You really need to get known samples of GHK, GHK-Cu, and Mannitol, and run those on the setup you have.
I agree. I just have not been able to find any reference standards for GHK or GHK-Cu. I could have a Chinese supplier send me a sample. However, that is not really a trusted reference.
Do you know for sure that the patent was using isocratic elution?
No, it was gradient. However, my chemist was supposed to a calculate the average concentration over that time; which she just told me she messed up. I did not purchase the more expensive gradient module for our HPLC, unfortunately. Some day I will.
We are the manufacture of GHK and GHK-Cu with lab located in China, based on our experience, you need to adjust analytic method in 2 different ways.
1. Mobile phase ratio. 30% Acetonitrile is too strong for strong polar compound GHK-Cu , that is the reason you got almost no retention time on column. The suitable mobile phase could be from 0.1% to 30% solvent B in 30minutes, you can check our result in #299; What the WO patent want to express is linear increase from 0 to 30% rathar than constant 30% solvent B.
2. Injection amount. your sample maybe too concentrated. usually the best resuly can be obtained when absorption value is around 1000(sharp peak) which can be easily obtained by dilute sample or inject less volumn.
Fantastic!

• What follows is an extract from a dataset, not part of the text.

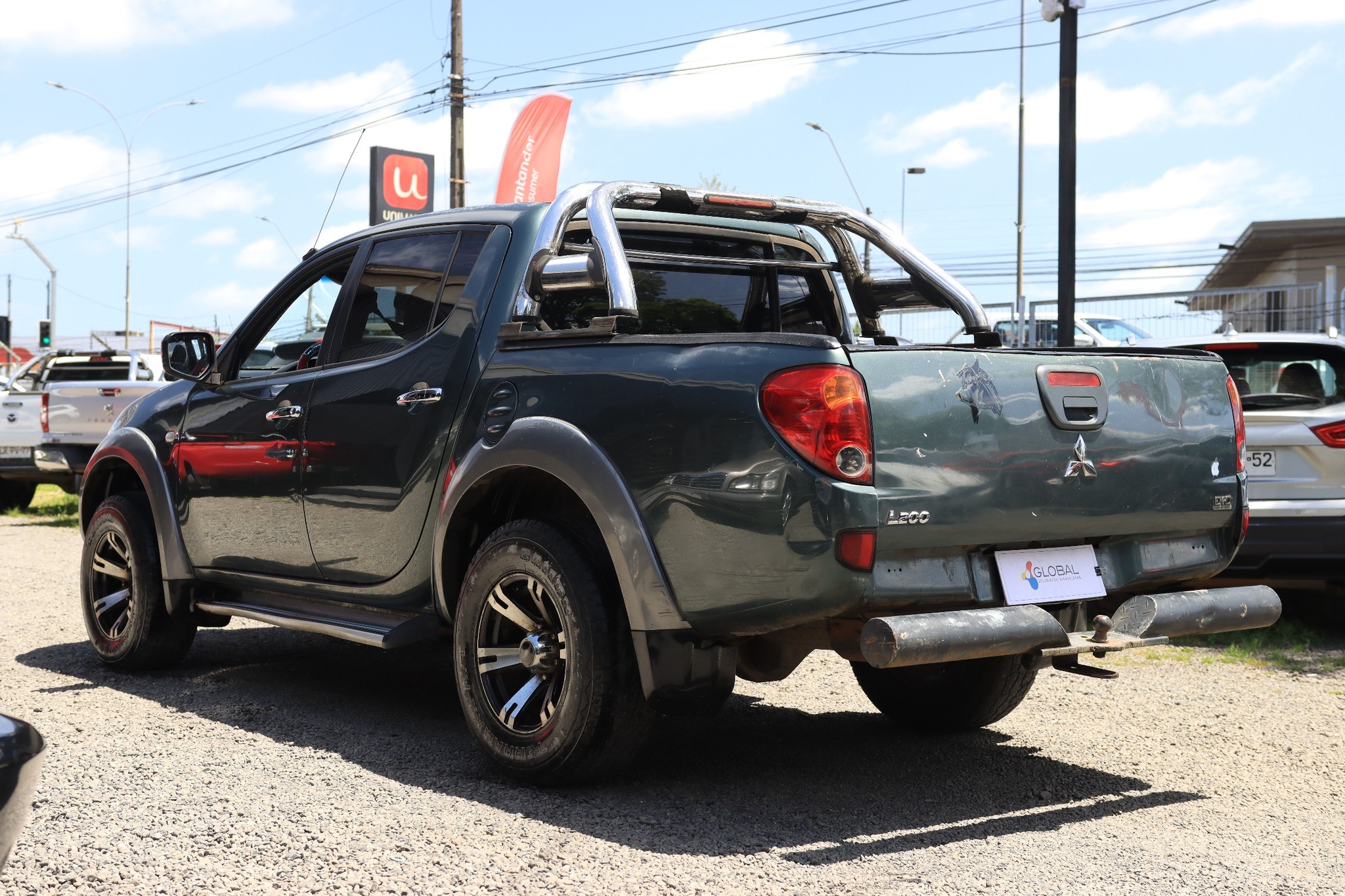 MITSUBISHI L200 DAKAR AUTOMATICA FULL 4X4 CON AC 2010 SUNROOF - Imagen 18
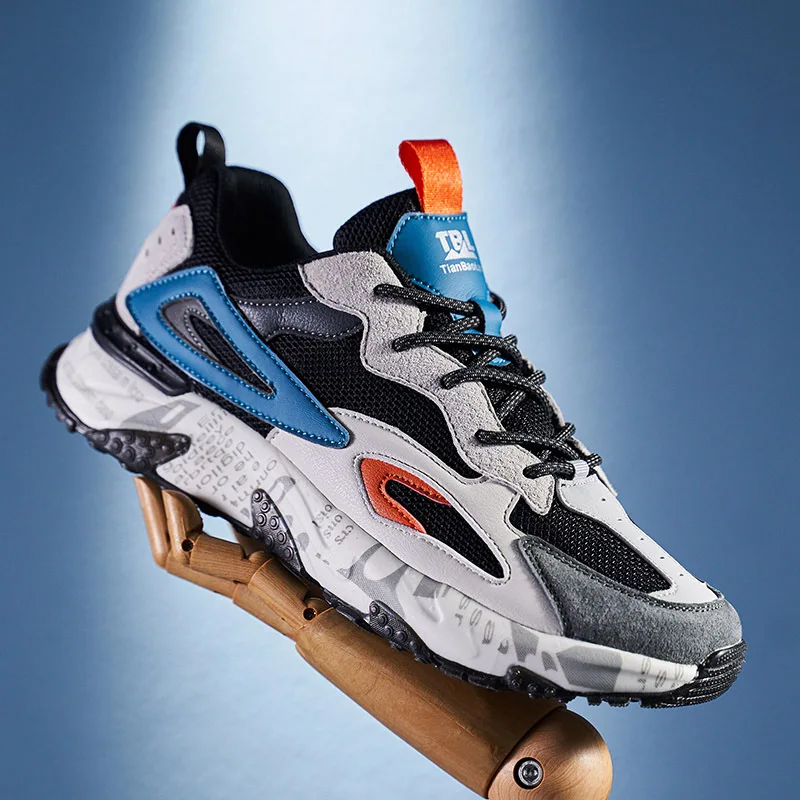 Dad Shoes 2022 Spring and Autumn New Mesh Casual Men's Sports Shoes Non-slip Rubber Travel Men's Shoes
Dad Shoes 2022 Spring and Autumn New Mesh Casual Men's Sports Shoes Non-slip Rubber Travel Men's Shoes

That is exactly what I needed. My chemist was supposed adjust the acetonitrile concentration to 5.5%, to account for the difference between gradient and isocratic. She screwed that up. That might account for the retention time difference.
As I explained in #299, the first peak is Cu ion, the 2nd peak is GHK, you can't see GHK-Cu peak due to the exist of TFA in mobile phase(GHK-Cu destryed in strong acid environment)
Would .1% TFA be strong enough to destroy the GHK-Cu that quickly? If that is the case, then we would have to use acetonitrile without TFA in it. I would need to order that from Sigma. The patent I linked was an HPLC test for just GHK. They were not testing GHK-Cu. So that would explain why they did not worry about the TFA.
So it looks like it might be GHK-Cu, GHK, and Mannitol. We would need to get a reference standard to be absolutely sure on it. If anyone finds a reference standard, you can send it to us and we can run the test again. I will have to order some acetonitrile without TFA from Sigma if we do it. Just let me know ahead of time.